Wagner, a native of Poland, wasn’t sure what to expect when he met Fred Trump. They had never spoken and the rabbi only knew the real estate magnate by his tough reputation.

The two hit it off immediately. Trump donated the land on Brooklyn’s Avenue Z, to Wagner’s congregation. A deed of sale from October 1955 shows the land officially transferring from Fred to the new Jewish center for $10. The elder Trump also financed much of the construction costs, as the new house of worship was born a year later.

Trump and Wagner’s “mutual love, respect, and friendship only deepened over the next 48 years,” reads the synagogue website — where the story is prominently featured.

Inside a small synagogue archive, contemporary records and photos tell more of the story.

Trump never missed the synagogues’s annual fundraiser dinner, which he attended throughout the 1970s and 80s — often cutting checks for $2,500 and $3,500.

Pristinely preserved black and white photos show a beaming Trump standing alongside Wagner, the man he called “my rabbi.”

The temple continued good relations with the Trump family even after Fred Trump’s death in 1999. When Wagner’s widow turned 90 in Israel in the mid-2010s, Donald Trump sent birthday wishes, according to Rabbi Silver.

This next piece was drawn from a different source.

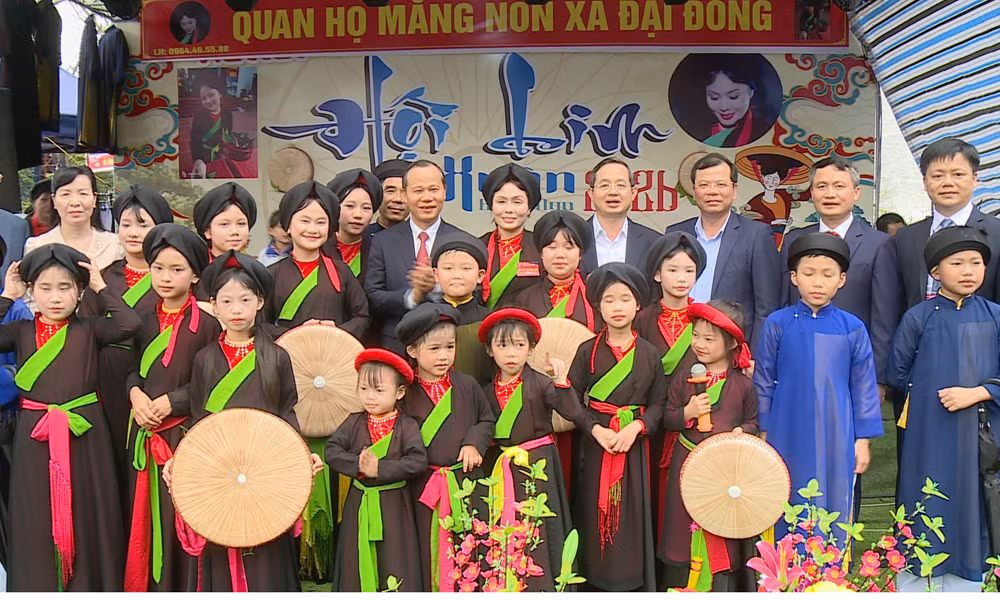 Đảm bảo an ninh trật tự -0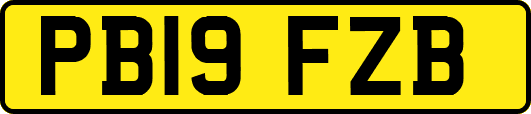 PB19FZB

Some older members still have memories of Fred Trump, and his sons Donald and Fred Jr., bouncing around the old family offices just down the street on Avenue Z.

As for current politics, Rabbi Silver said he was pleased with new Israel security treaties secured by the president, but was otherwise mum, declining to opine about next month’s election.

“We are a synagogue and Jewish community center. Our sole focus is strengthening the Jewish identity and observance of our community,” he said.